→ EXERCISE DETAILS
Would you return, word for word, the lines of the data below from the line with "Kultur Regional Rheinpfalz, 23.07.2016" through the line with "Circular logo with", and no others?

→ TASK MATERIAL
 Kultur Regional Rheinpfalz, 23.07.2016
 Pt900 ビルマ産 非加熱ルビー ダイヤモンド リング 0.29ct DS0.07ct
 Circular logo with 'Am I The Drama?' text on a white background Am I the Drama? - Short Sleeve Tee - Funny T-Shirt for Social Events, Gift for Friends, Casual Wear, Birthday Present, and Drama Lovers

...

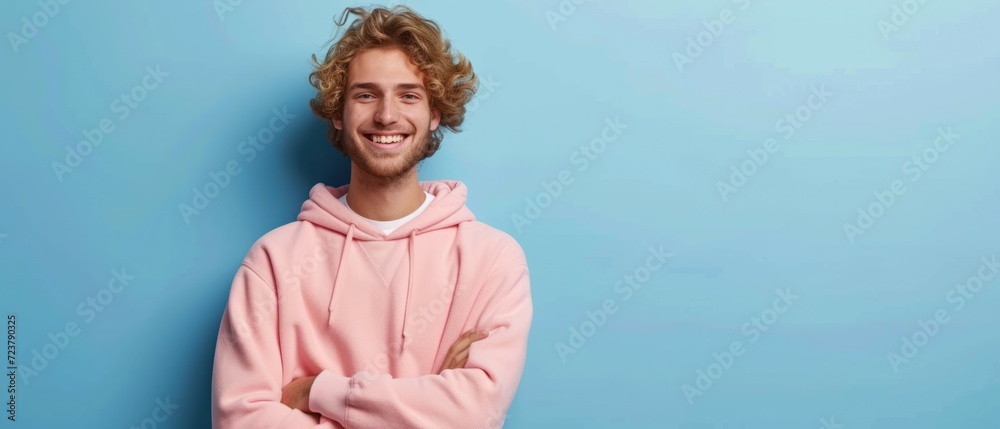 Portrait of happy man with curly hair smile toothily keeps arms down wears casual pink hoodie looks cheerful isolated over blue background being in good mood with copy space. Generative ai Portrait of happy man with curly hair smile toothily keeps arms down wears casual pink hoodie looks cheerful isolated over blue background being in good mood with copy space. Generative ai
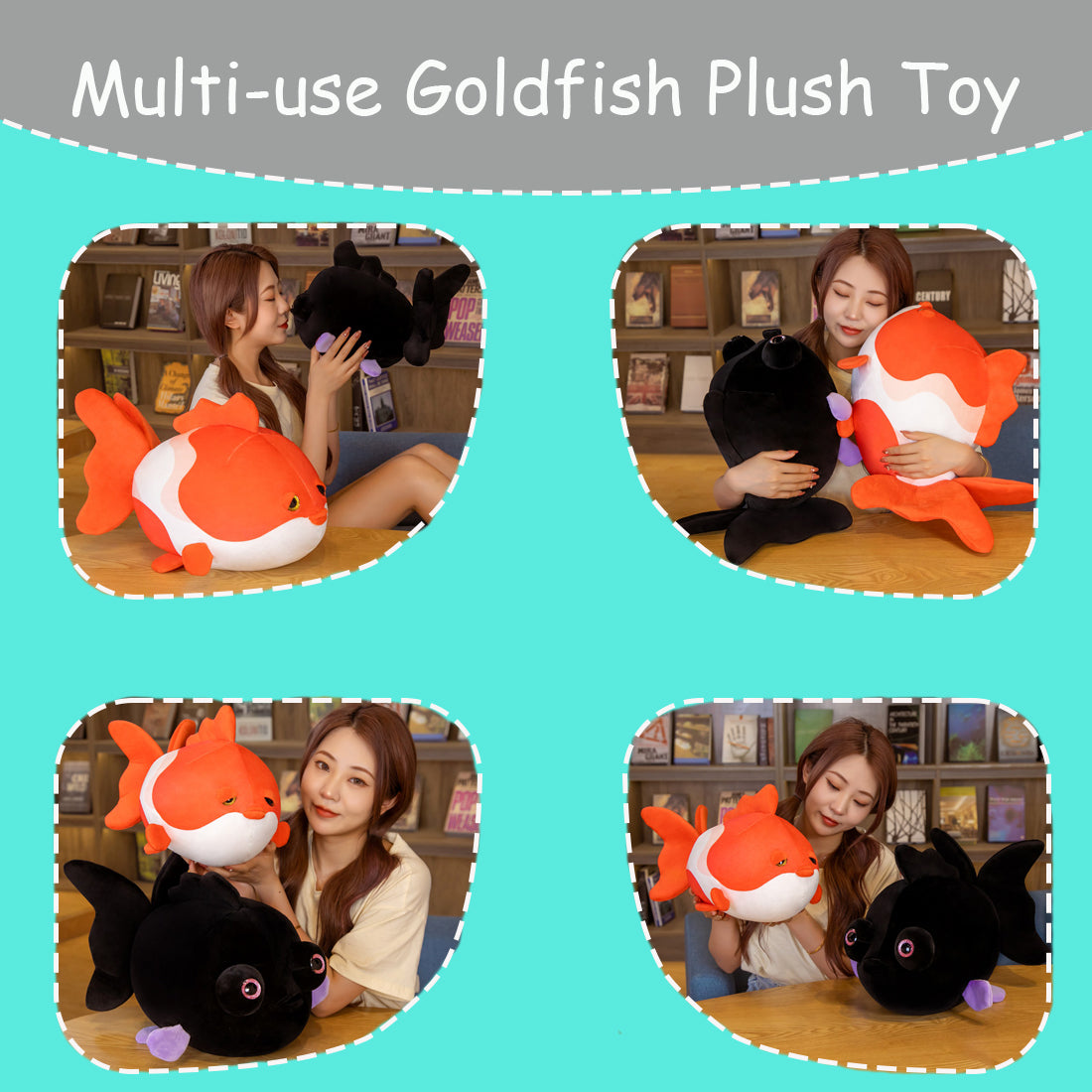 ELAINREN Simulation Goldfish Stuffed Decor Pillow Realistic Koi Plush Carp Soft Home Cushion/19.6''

→ EXERCISE SOLUTION
 Kultur Regional Rheinpfalz, 23.07.2016
 Pt900 ビルマ産 非加熱ルビー ダイヤモンド リング 0.29ct DS0.07ct
 Circular logo with 'Am I The Drama?' text on a white background Am I the Drama? - Short Sleeve Tee - Funny T-Shirt for Social Events, Gift for Friends, Casual Wear, Birthday Present, and Drama Lovers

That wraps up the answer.